Comme l'a noté Shawn Crispin d'Asia Times dans son rapport post-mortem sur la décision d'hier, cette décision a marqué « la première fois qu'un tribunal a interdit un parti politique spécifiquement pour avoir défié le pouvoir royal, entraînant la monarchie dans la mêlée politique d'une manière sans précédent ».
Il est donc raisonnable de s’attendre à ce que le jugement de cette semaine, ainsi que sa prévisibilité, provoquent un degré de colère similaire et une radicalisation accrue. Avant le jugement, Pita Limjaroenrat avait déclaré à Bloomberg qu’il y aurait « un véritable enfer politique ici en Thaïlande » si le parti était dissous. Un retour à la politique de rue dans les semaines et les mois à venir n’est pas à exclure, en particulier à Bangkok, désormais un bastion du soutien à Move Forward. Cependant, les anciens responsables du MFP eux-mêmes peuvent être prudents quant à l’encouragement des manifestations. Dans une lettre ouverte la semaine dernière, Pita a exprimé sa prudence quant à l’encouragement d’un retour dans la rue. Il a déclaré que la Thaïlande est enfermée dans une « lutte à long terme » contre les intérêts conservateurs et que « la voie de la Thaïlande vers une plus grande démocratie passe par des transitions pacifiques grâce à des élections crédibles ».

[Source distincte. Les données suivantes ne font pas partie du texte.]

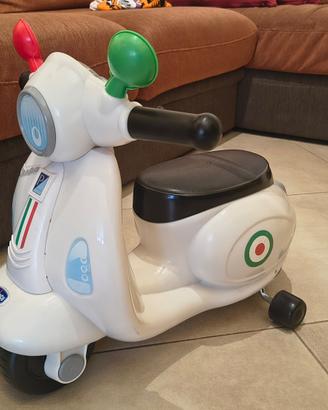 Vespa Piaggio giocattolo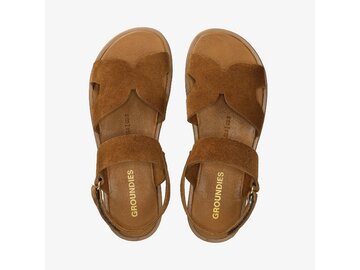 Groundies - Juno Women - Beige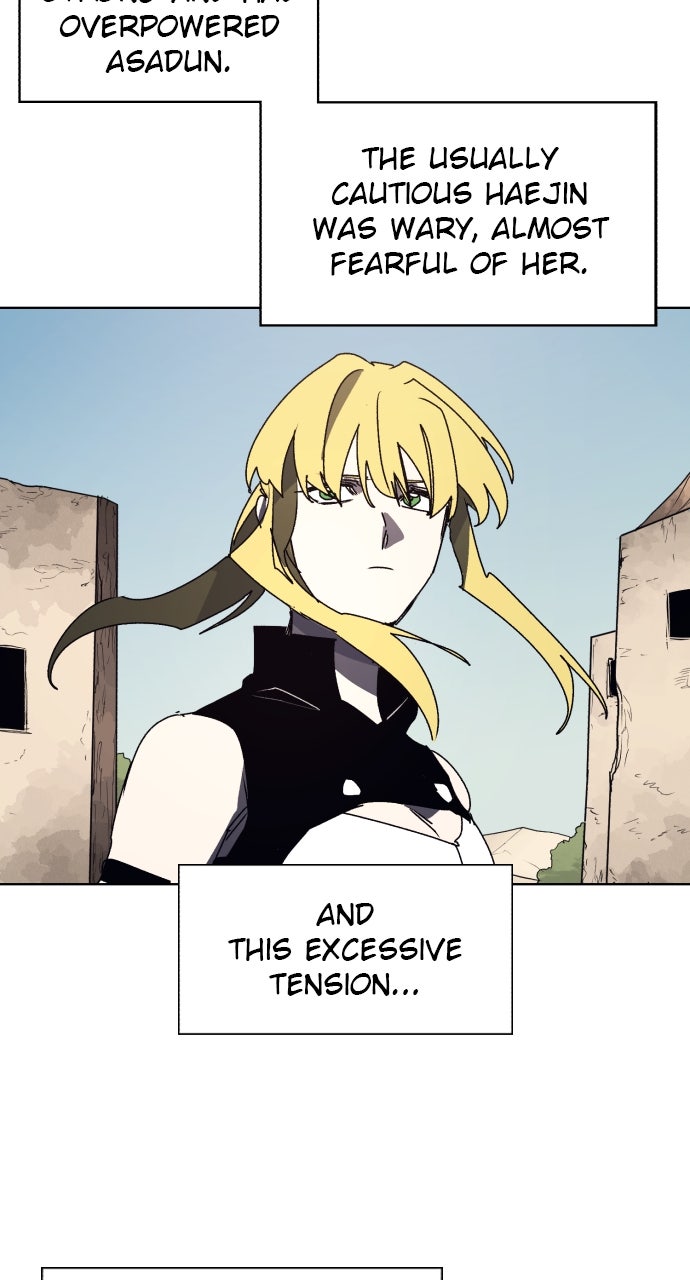 Read The Ember Knight EN Manga Online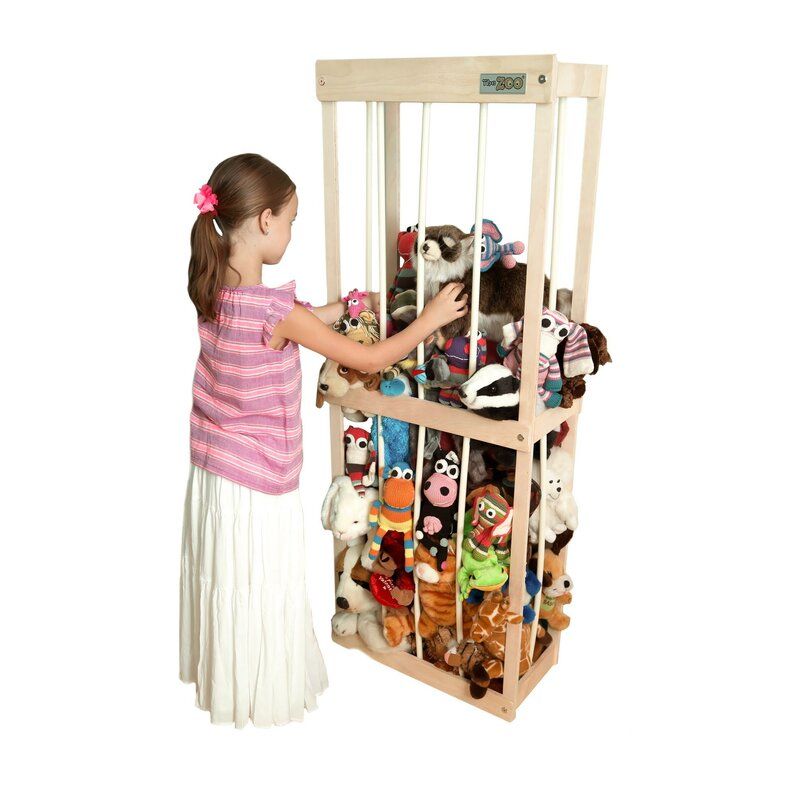ZOO Toy Organizer thumbnail 4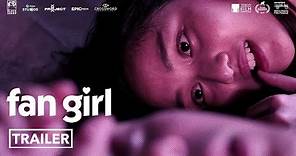 Fan Girl - Official Trailer 2 | Paulo Avelino & Charlie Dizon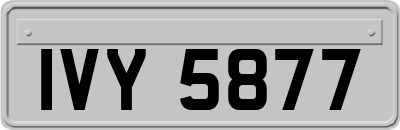IVY5877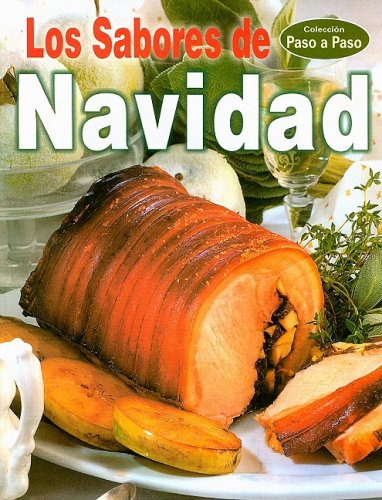 Los Sabores de Navidad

Dans un message publié sur les réseaux sociaux après la décision d'hier, le député de Move Forward, Rangsiman Rome, s'est dit confiant que la trajectoire ascendante de Future Forward à Move Forward mènerait le nouveau parti à une victoire décisive aux prochaines élections générales. « Quel que soit le nom de notre nouveau parti, en 2027, tout le pays sera orange », a-t-il posté.

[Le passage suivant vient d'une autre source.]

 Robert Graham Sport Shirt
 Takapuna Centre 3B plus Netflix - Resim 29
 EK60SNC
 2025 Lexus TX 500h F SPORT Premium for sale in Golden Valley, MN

En même temps, la décision d’hier a rappelé que l’establishment conservateur a les moyens et la volonté d’empêcher toute remise en cause significative du statu quo, et qu’il ne se soucie pas le moins du monde du résultat d’« élections crédibles ». On peut s’attendre à ce qu’il prenne des mesures pour empêcher le parti successeur de Move Forward de l’emporter aux élections de 2027. Lorsque les mesures juridiques et administratives échouent, il reste toujours l’option d’un coup d’État militaire et d’un recours à une répression sans fard.

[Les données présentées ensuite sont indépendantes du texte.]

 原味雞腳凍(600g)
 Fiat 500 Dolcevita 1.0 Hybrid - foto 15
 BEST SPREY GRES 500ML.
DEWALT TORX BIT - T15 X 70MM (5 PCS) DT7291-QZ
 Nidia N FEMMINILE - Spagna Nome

Même si la victoire du mouvement progressiste n'a rien d'inéluctable, la décision d'hier semble indiquer que la frustration politique et les conflits en Thaïlande vont s'accentuer à moyen terme. Une force ne peut être contenue sous contrôle que pendant un certain temps avant de se manifester d'une manière ou d'une autre, avec des conséquences difficiles à prévoir.